Jesús sube a Jerusalén para celebrar la Pascua. Sabe que será la última para él. Lo hace como quien va al encuentro de su destino, pero sin perder la ternura. La gente lo aclama con ramas de palma, lo recibe como rey, aunque él elige entrar montado en un burro. La escena tiene algo de fiesta popular, pero también de profunda contradicción: el que viene a dar la vida no se impone, se entrega.
En la intimidad de la última cena Jesús se sienta a la mesa con sus amigos. No solo con los fieles: también con quienes lo van a negar, con quienes lo van a traicionar. Parte el pan, ofrece el vino. Pero esta vez no habla de Egipto ni del faraón. Habla de sí mismo: “Esto es mi cuerpo… esta es mi sangre…” Cambia el centro del relato. Ya no es solo el recuerdo de una liberación pasada, sino el anuncio de una que está por suceder: la del alma humana, de cada uno de nosotros, de nuestras esclavitudes más íntimas.
Después, viene la noche. La angustia. La oración en soledad. El abandono de los amigos. El beso que no es afecto, sino señal de entrega. Y luego, la injusticia. El escarnio. La violencia. El silencio del que sufre sin defenderse. La cruz.
En la cima del Gólgota, Jesús no grita venganza. No pide castigo. Solo dice: “Todo está cumplido.” Y muere. Pero ese final aparente guarda el mayor de los comienzos.
Dicen que un soldado, al ver que ya había muerto, atravesó su costado.

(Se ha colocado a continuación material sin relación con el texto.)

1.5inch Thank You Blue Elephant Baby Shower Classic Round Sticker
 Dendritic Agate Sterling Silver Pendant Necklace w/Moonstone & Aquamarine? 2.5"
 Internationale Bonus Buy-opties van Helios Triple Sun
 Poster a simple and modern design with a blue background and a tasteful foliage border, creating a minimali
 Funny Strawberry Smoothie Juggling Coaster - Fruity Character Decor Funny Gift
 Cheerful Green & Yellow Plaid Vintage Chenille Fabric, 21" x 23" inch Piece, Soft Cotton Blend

Y que de su corazón brotaron sangre y agua. La tradición ve ahí el signo de dos sacramentos: el bautismo y la eucaristía. Pero también podría leerse como lo más humano de todo: ese corazón, traspasado, sigue latiendo en quienes eligen vivir con amor.
Jesús es sepultado, pero no para siempre. En el silencio del Sábado Santo, la esperanza madura en lo profundo. Y el domingo, temprano, la tumba está vacía. No hay cuerpo, no hay muerte, no hay final. Solo una voz que dice: “¿Por qué buscan entre los muertos al que vive?”
La Pascua no es solo una fecha. Es una manera de mirar la vida. De entender que el sufrimiento no es la última palabra. Que la cruz no es derrota, sino entrega. Que el amor verdadero no se queda en el discurso, sino que se parte como el pan y se derrama como el vino.
En Jesús resucitado, la vida tiene la última palabra. No la muerte. Y con él, todos renacemos.
Muy feliz Pascua. Que también en vos, la vida vuelva a empezar.